メリディアン DSP3200のこと(その3)
メリディアンのDSP3200のユニット構成に疑問を抱く人も少なからずいよう。
DSP3200と同サイズの2ウェイのスピーカーシステムは、
16cm口径前後のウーファーとドーム型(もしくはATM型)が一般的といえる。
2022年のインターナショナルオーディオショウで聴いたYGアコースティクスのCAIRNは、
まさにこの構成だし、CAIRNの音は、この種のスピーカーシステムの完成形に、
いまのところいちばん近いのでは──、そんなふうに思わせるほど、
印象に残る音を聴かせてくれた。
それまでYGアコースティクスのスピーカーシステムの音に感心はすれば、
それ以上の感想をもつことはなかったけれど、CAIRNは違っていた。
(もっともそれだけの内容(実力)にふさわしい価格でもあるが……)
このCAIRNを、小型2ウェイのスピーカーシステムのリファレンスとしたうえで、
DSP3200を捉えるならば、トゥイーターのコーン型なんて時代遅れも甚だしい、とか、
理解できないユニット構成──、そんなふうに受けとる人に、何をいったらいいだろうか。

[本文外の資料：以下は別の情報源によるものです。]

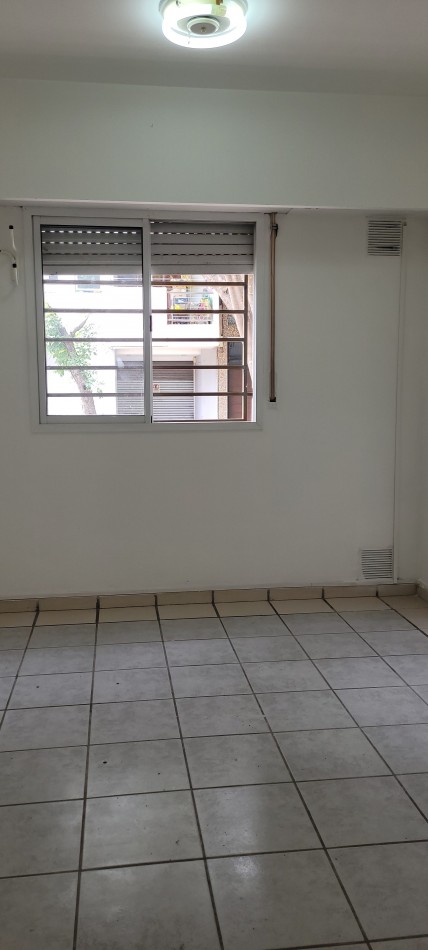 Oportunidad Venta - Monoambiente Dividido En 1 Dormitorio Pichincha - U$d 28.200 - Riccheri 1000 -P. Baja  - Apto Credito  Hipotecario-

スピーカーというのは、これまで何度も書いてきているように、からくりである。
そのからくりのおもしろさをどう受けとめ理解し、鳴らしていくのか。
スピーカーシステムは忠実な変換機を目指していくべき──、なのは、
私だって同じ考えだが、だからといって、見識が狭すぎる人が少なくない、というか、
融通がきかないのか、スピーカーをからくりと捉えていないのか。
そういう人にとって、DSP3200のコーン型トゥイーターは指向特性ひとつとっても、
その採用を認めないことだろう。
確かにスピーカーユニットの指向特性は振動板の口径で決ってしまう。
可聴帯域すべて指向特性を同じするのはなかなか大変なことだし、
8cm口径の振動板ならば、数kHzから指向特性は狭まっていく。
そんなことは指摘されまでもなく、スピーカーを設計する人ならば知っている。
それでも8cm口径のコーン型ユニットを、トゥイーター的ポジションに選択している。
そのことを理解しようとしない人がいる。